I came to a theory, while listening to "Limp" and "Shadowboxer" again and again (just like the good old days- not really). there are certain weights of estrogen-ladled singer-songwriters out there. There is Tori Amos, who is apeshit. There is Rachael Yamagata, who is sweet and has a few good songs but yet has to do something of real impact. There is Regina Spektor, who is talented but relies too much on being precious and quirky to do anything that makes me want to listen to HER discography again (barf). Then you have a whole host of others- Sarah McLachlan, Nicole Atkins, Sara Barielles, etc. ALANIS, OH MY GOD, WILL YOU EVER MAKE ANOTHER ALBUM WORTH LISTENING TO? PROBABLY NOT.

However- Fiona Apple, to me, seems like pure talent, and just that. and she doesn't hide whatever shade that talent happens to come in. it's like just this pure natural thing that comes pouring from her; that she's some kind of tool for some greater energy. when she's angry, for example, you want to shake. like "Get Gone?" can you imagine having that song written about you? it's like she wants to cut your throat!

and when she's happy, it comes flowing into you as well, just like a tide. like "Waltz (Better than Fine)"- the sort of light, carefree nature of it sweeps me away, always. like, "oh, you know what? things will be okay. BETTER THAN FINE, REALLY."

It's hard to look back and see that Tidal (1996) was put together by a TEENAGER. the talent evident on that album is masterful, ageless. listen to "Shadowboxer"- "oh, it's so evil my love, the way you've no reverence to my concern. so I'll be sure to stay wary of you, love, to save the pain of once my flame and twice my burn." and the way she sings it, in this ethereal jazzy way, GOD. she tips through genres effortlessly. it's beautiful. "The First Taste" goes into world music territory; "Red Red Red" takes forever to reach any kind of climax. this girl, for all the shit (public and one can take, privately too) she's been through, I hope she's remembered for the talent she had. otherworldly. there isn't an album she's responsible for that doesn't just meet the qualifications of "flawless."



I really do forget what started my fondness for Fiona. but I think it was when I saw the "Criminal" video at the age of 13. I remember being aghast at the bluntness and nudity of it, but I couldn't get her voice out of my head. and even then, as most adolescent girls are when they are like "OMG I HAVE A VAGINA 2 AND I ANGST," I was floored by her way with words. that was what got me about "Criminal," really. it was primal but it was so well-written.

then, I remember buying Tidal years later, along with a Bloc Party album. I remember dismissing the Bloc Party album after ripping it to my computer (not that it was bad, it just didn't stick with me). but TIDAL. I couldn't stop playing. or Extraordinary Machine. or When the Pawn.

she's always seemed uncomfortable with the spotlight, which is understandable. of course, when you're a musician who is unbelievably blessed, that's something you learn to deal with. but I always remember the Paste Magazine 2006 interview I read with her- where she just seemed like, very reclusive (o hai Harper Lee). very intimidated by everything and very much just wanting to live a quiet life. I really do respect that- she doesn't seem to go after notoriety, besides her bad breakdown at a 2000 concert.
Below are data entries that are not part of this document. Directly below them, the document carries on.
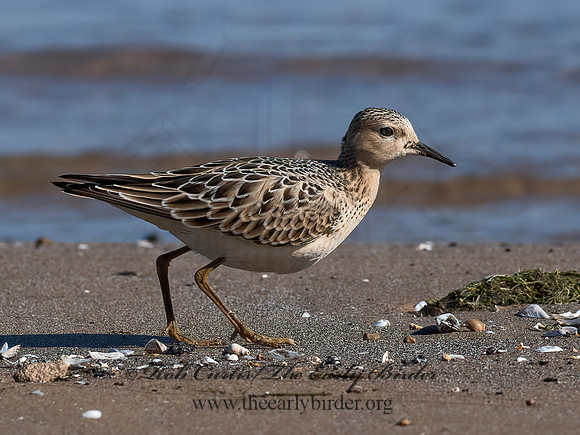 Calidris subruficollis  BUFF-BREASTED SANDPIPER 6041181z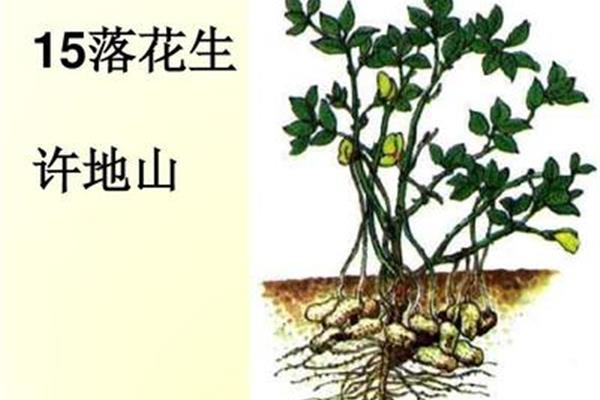 落花生ppt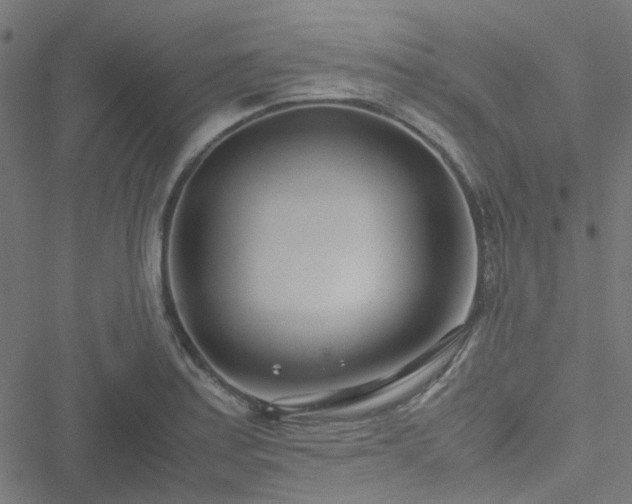 X0000051251179200506241539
which is why I think she takes so many damn hiatuses as she does. I still kick myself for not seeing her pass through Cleveland in 2005, even though there was no way in high hell I could have.

and, at least in the past few years, Fiona's gotten more- hmm, how do I say this?- I don't know, she just doesn't take herself that seriously anymore. She dueted with comedian Zach G (can't spell it) and he starred in her "Not About Love" video, miming her voice, which was a bizarre choice but at least kind of clever.

however, Fiona does seem to be gradually inching back into the mainstream. she hosted a Haiti benefit this past January and has recorded two new songs, although they just seem to be individual things at this point. and just covers, really.




who knows, maybe we will get a new album sometime in the near future? but I would be satisfied with a few shows before the imminent apocalypse.


I never dwindled in my fan-ship of F.A., I just went through varying levels of intensity. and now it seems that, if she was my spouse, I would be on her in the kitchen on the table with the fear of our five-year-old finding us. O.O

Comments

Post a Comment

Popular posts from this blog

3 New Lana Songs Come Out From Upcoming Album "Blue Banisters"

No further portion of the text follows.